Starting at the line that holds "Spa 7th Avenue", reproduce each line exactly up to and including the last line of the records below. Pictures stay out.

• [PROVIDED RECORDS]
◇ ◇ ◇ ◇
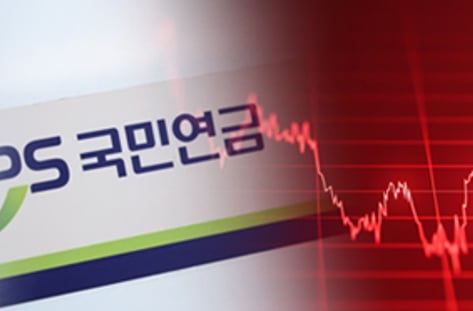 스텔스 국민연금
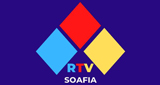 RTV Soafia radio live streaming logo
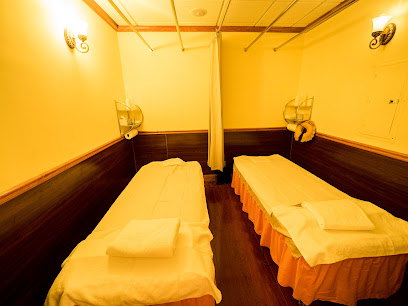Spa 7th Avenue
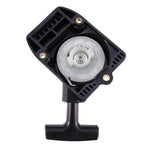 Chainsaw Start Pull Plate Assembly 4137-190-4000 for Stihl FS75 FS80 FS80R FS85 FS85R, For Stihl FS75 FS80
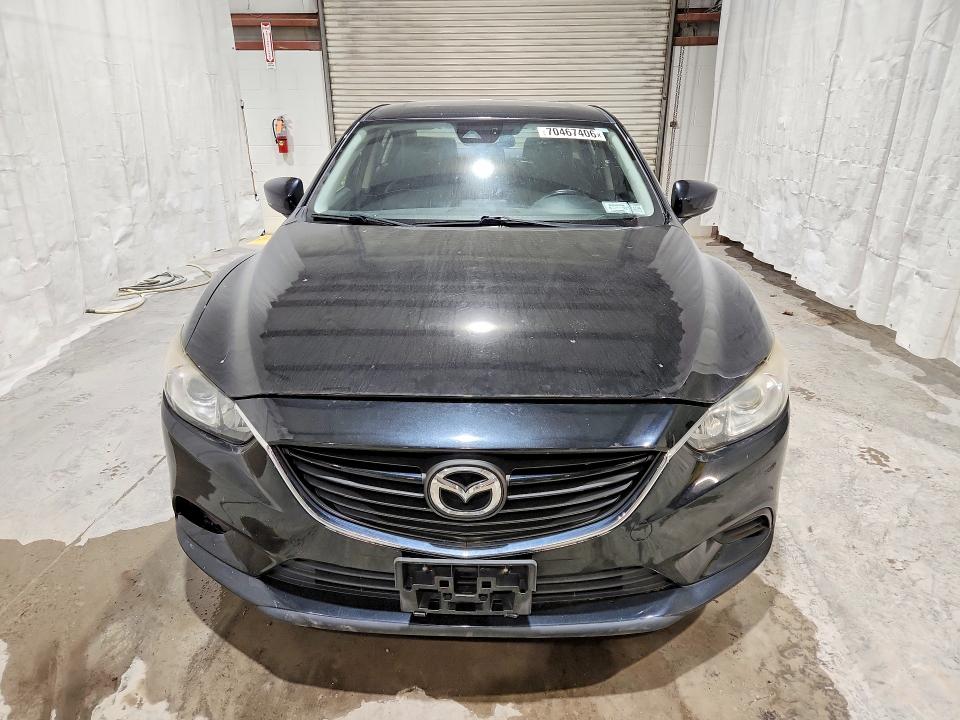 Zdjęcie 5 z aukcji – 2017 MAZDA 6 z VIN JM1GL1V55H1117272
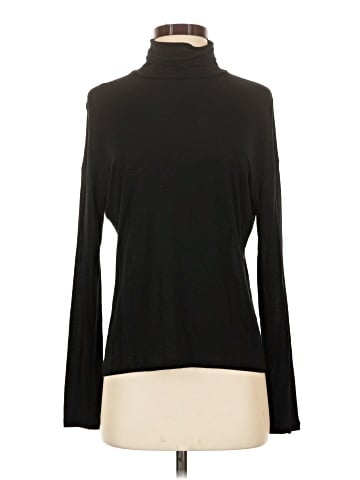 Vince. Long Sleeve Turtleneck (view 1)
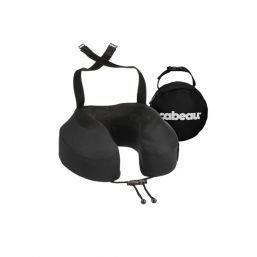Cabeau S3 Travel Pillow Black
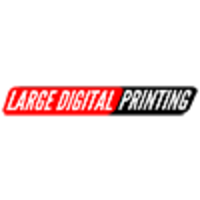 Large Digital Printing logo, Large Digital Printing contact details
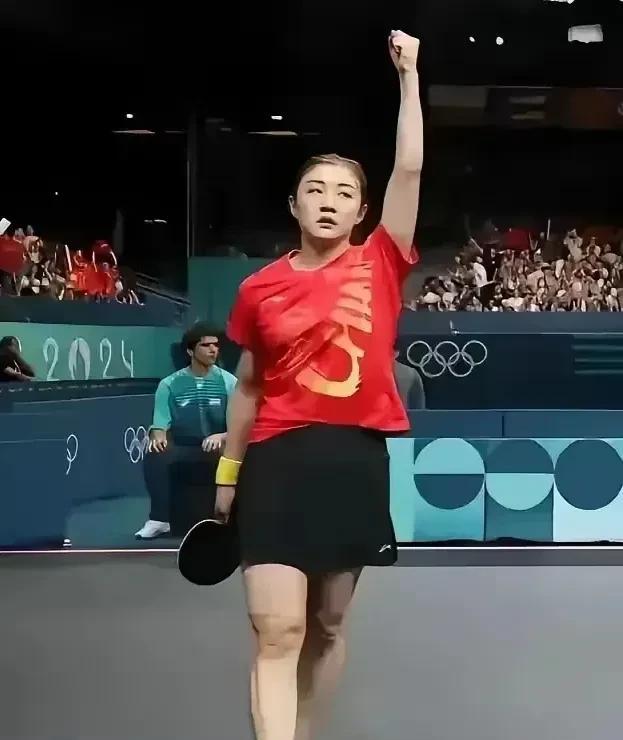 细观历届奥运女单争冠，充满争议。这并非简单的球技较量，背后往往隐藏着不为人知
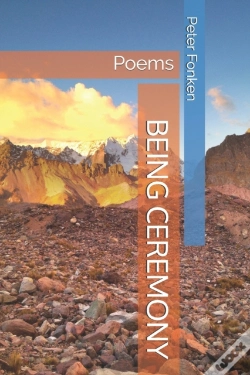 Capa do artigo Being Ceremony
◇ ◇ ◇ ◇
• [ANSWER SECTION]
Spa 7th Avenue
 Chainsaw Start Pull Plate Assembly 4137-190-4000 for Stihl FS75 FS80 FS80R FS85 FS85R, For Stihl FS75 FS80
 Zdjęcie 5 z aukcji – 2017 MAZDA 6 z VIN JM1GL1V55H1117272
 Vince. Long Sleeve Turtleneck (view 1)
Cabeau S3 Travel Pillow Black
 Large Digital Printing logo, Large Digital Printing contact details
 细观历届奥运女单争冠，充满争议。这并非简单的球技较量，背后往往隐藏着不为人知
 Capa do artigo Being Ceremony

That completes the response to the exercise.